Ashley stepped out of the indie music world after college to focus on theatre, and has since built a dynamic resume of critically-acclaimed performances in the NYC and tri-state area.
She received a BroadwayWorld Award nomination for playing Simon Zealotes in Jesus Christ Superstar with Madison Lyric Stage, as well as an OnStage Critics Award nomination for playing Wednesday Addams in the Westchester regional premiere of The Addams Family. Other favorite roles include Evita in Evita, Amy in Company, and Kira/Clio in Xanadu (twice).
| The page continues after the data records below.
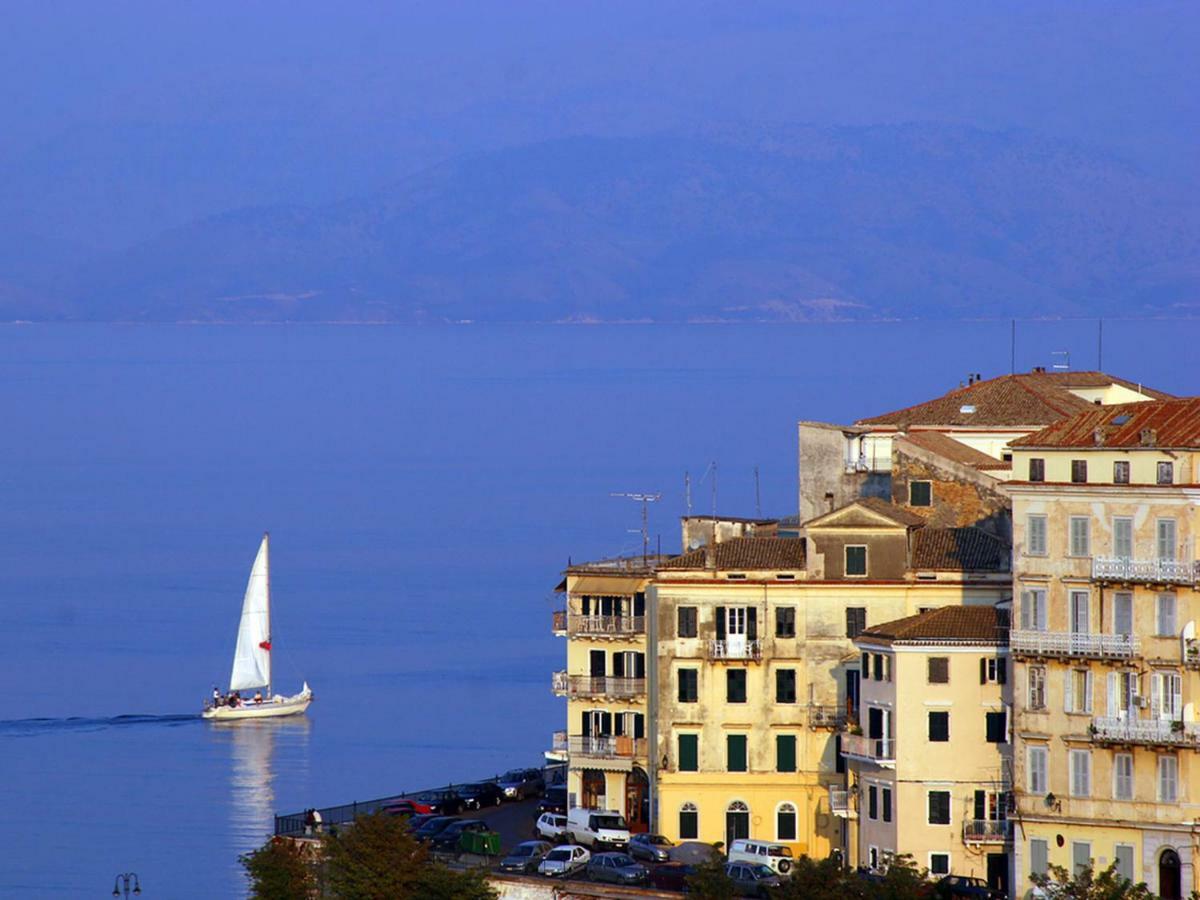Charming Venetian Town House In The Old Town Of Corfu Villa Corfu  Exterior photo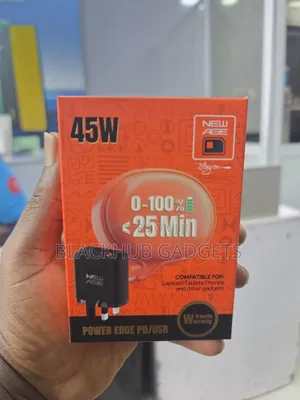 New Age 45W Charger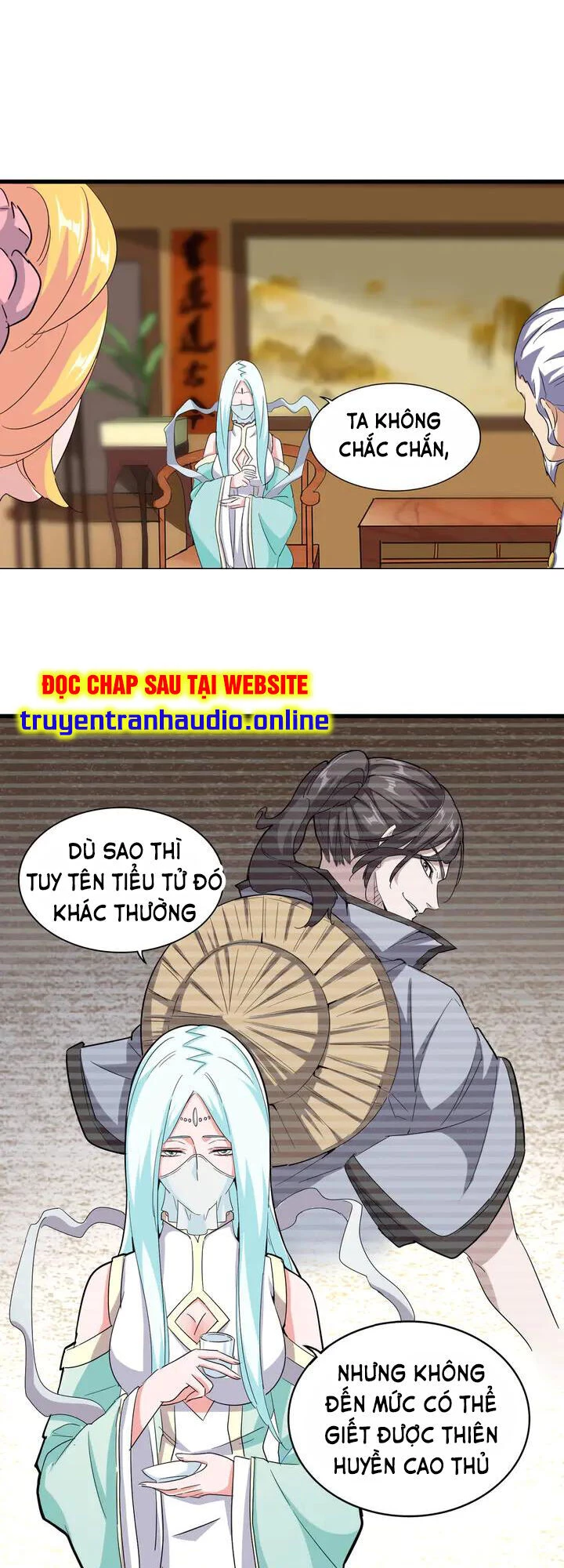 Đại Quản Gia Là Ma Hoàng Chapter 117 - Trang 4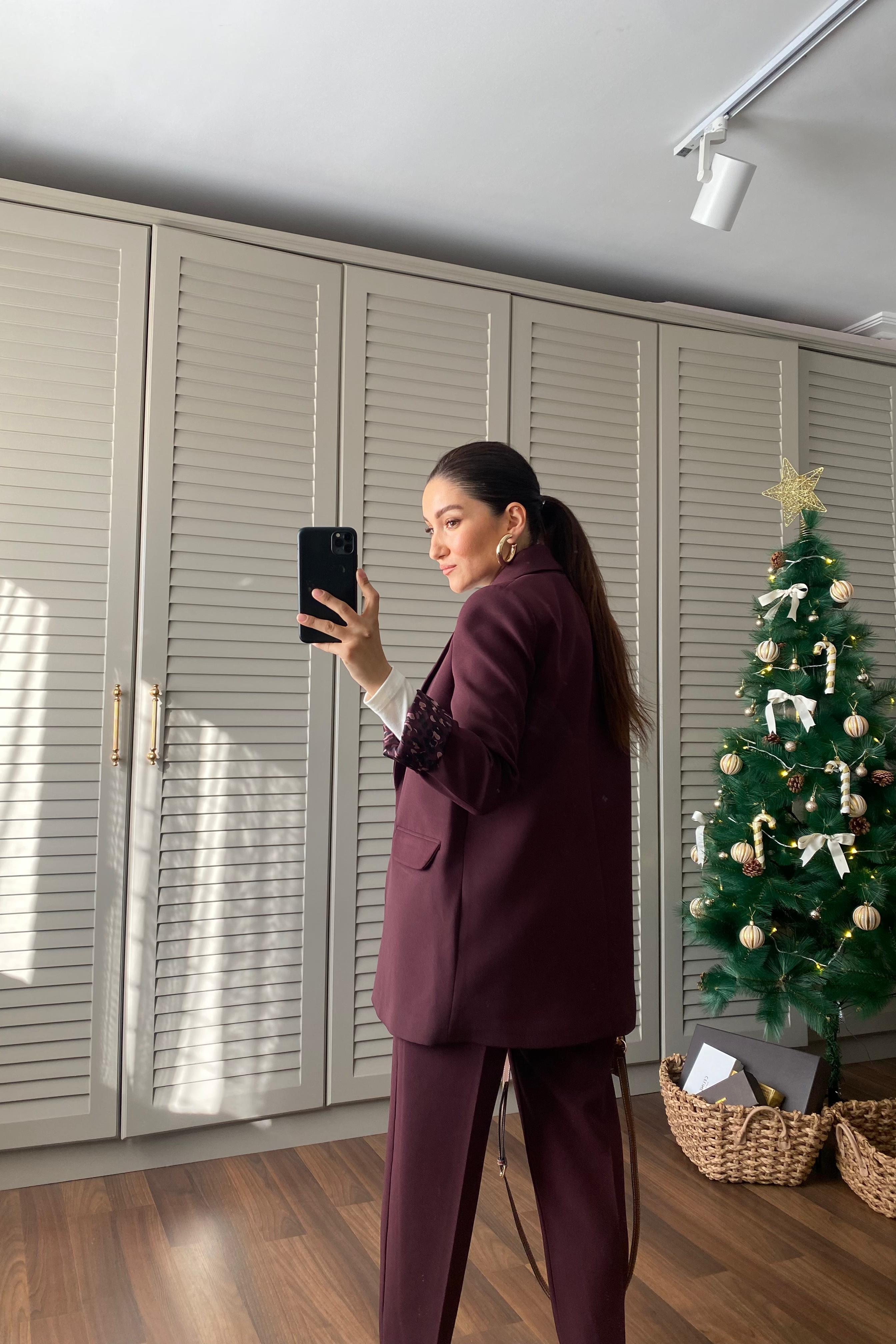 ŞAL YAKA BLAZER CEKET/9227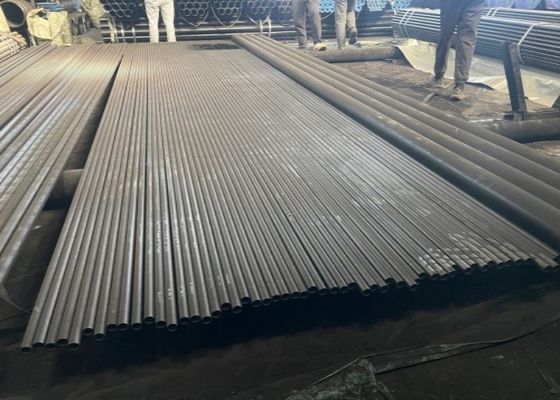 ASTM A53 SMLS 철강 파이프 용도 ±5% 및 뜨거운 진압 생산 과정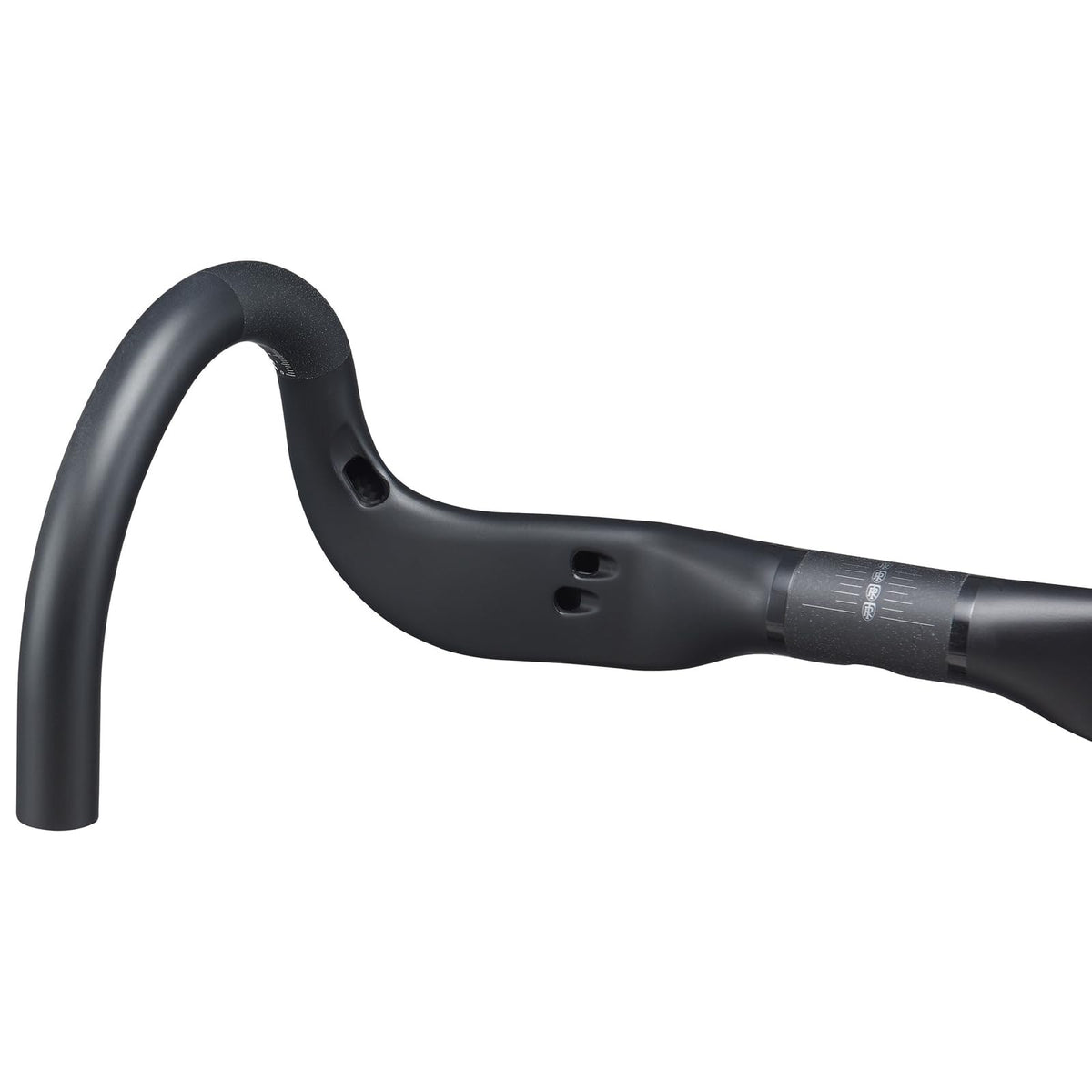 Ritchey Superlogic Streem Bar 31.8mm 40cm Hood, 44cm Drop Width Black 6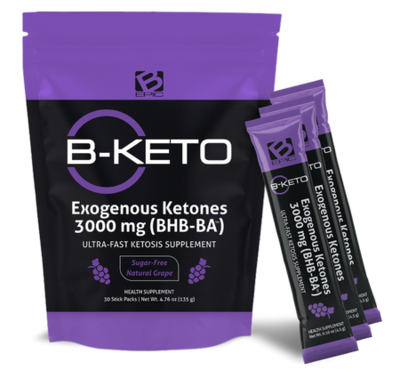 1 Week Supply - B-KETO Drink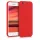 Husa Apple iPhone 6 / iPhone 6s, Silicon, Rosu, 49980.09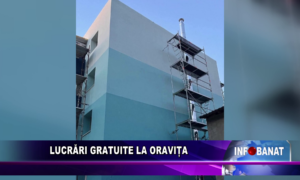 Lucrări gratuite la Oravița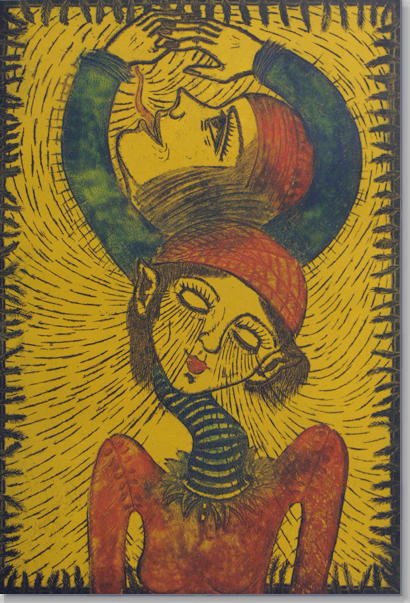 He-She, 2011, by Bert Menco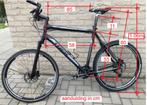 MTB TREK 4580 Four SERVES in heel goede staat, Fietsen en Brommers, Ophalen, Fully, 49 tot 53 cm, Zo goed als nieuw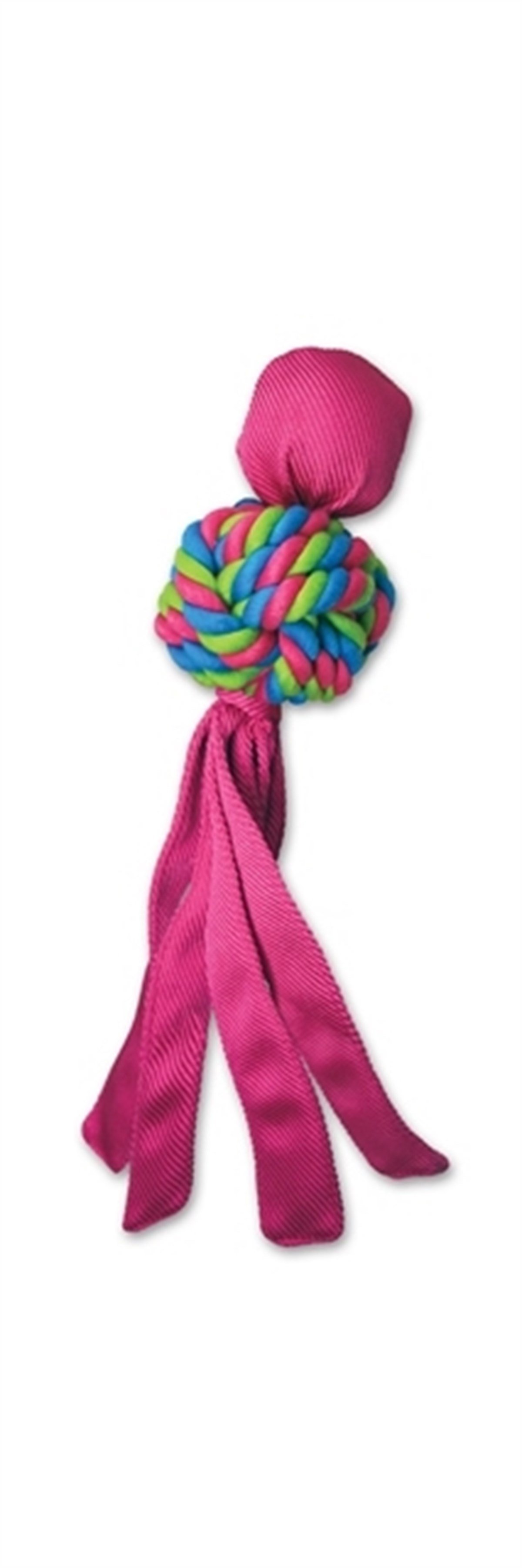 Kong Wubba Weaves Sesli Köpek Oyuncağı XL 43cm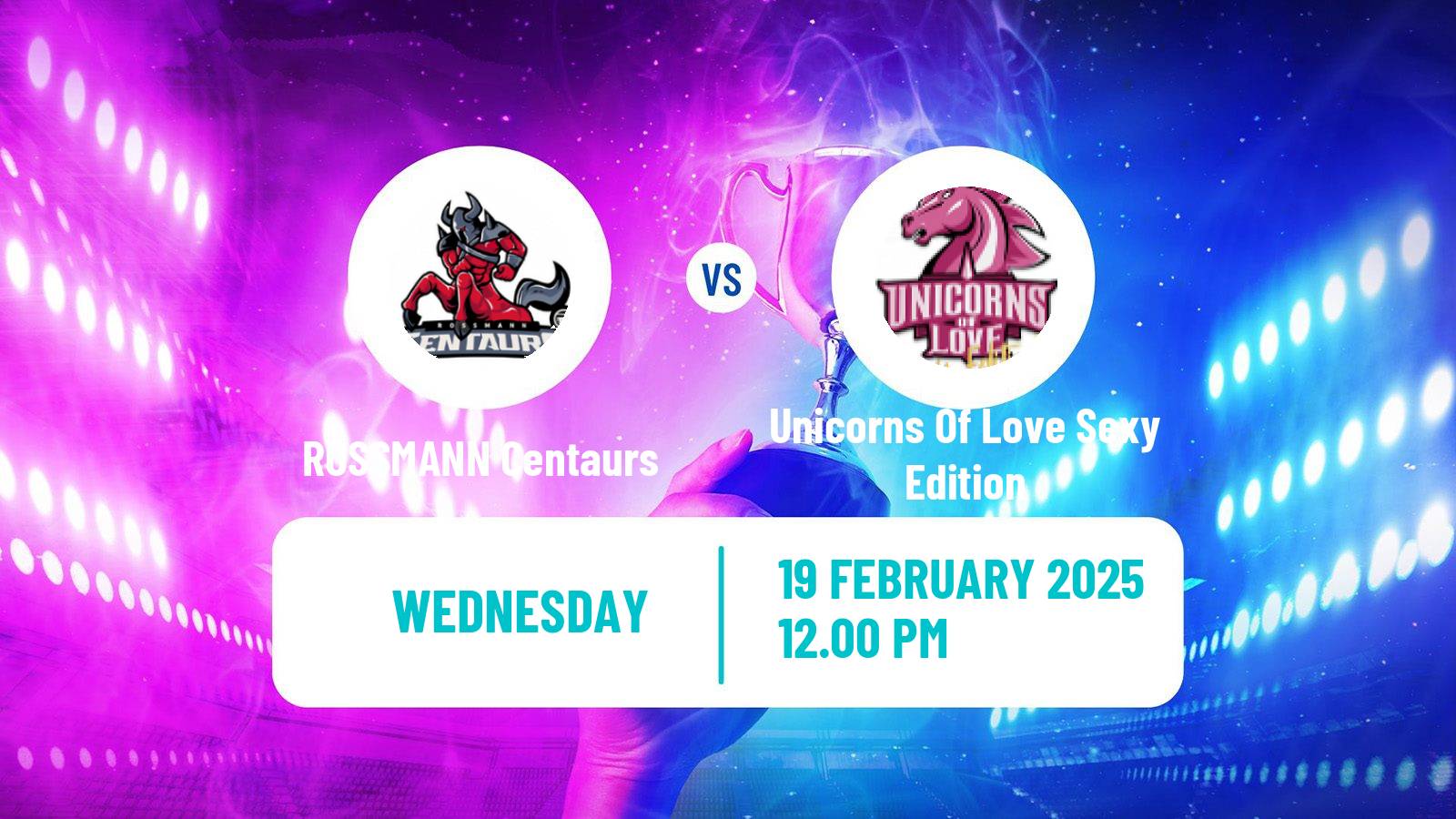 Esports League Of Legends Prime League ROSSMANN Centaurs - Unicorns Of Love Sexy Edition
A proud member of Actors' Equity Association, theatre remains at the forefront of her passions, but she soon felt the urge to return to making her own music, without being limited by the conventions of the audition room. In collaboration with producer Gabriel Pressman and industrial rock singer/songwriter Garek, the pieces began falling together for a new album, spawning the singles "Half of My Life," "Automatoronic," and "Starving Artist." Her new songs are currently spinning on radio stations and podcasts across the world--click here for a list of where to listen and request! The full album, Boycott Ashley Wool, is slated for release in fall 2020. While the title originated as a cheeky nod to some Internet trolls, it takes on a deeper meaning as a commentary about defiance, rebellion, calling people out, and calling yourself out. Themes of insecurity, privilege, and betrayal play out over catchy pop hooks fused with industrial and punk influences--and of course, plenty of theatrical flair.
She is, after all, still a butterfly rock star on the inside--just older, wiser, and hopefully woker.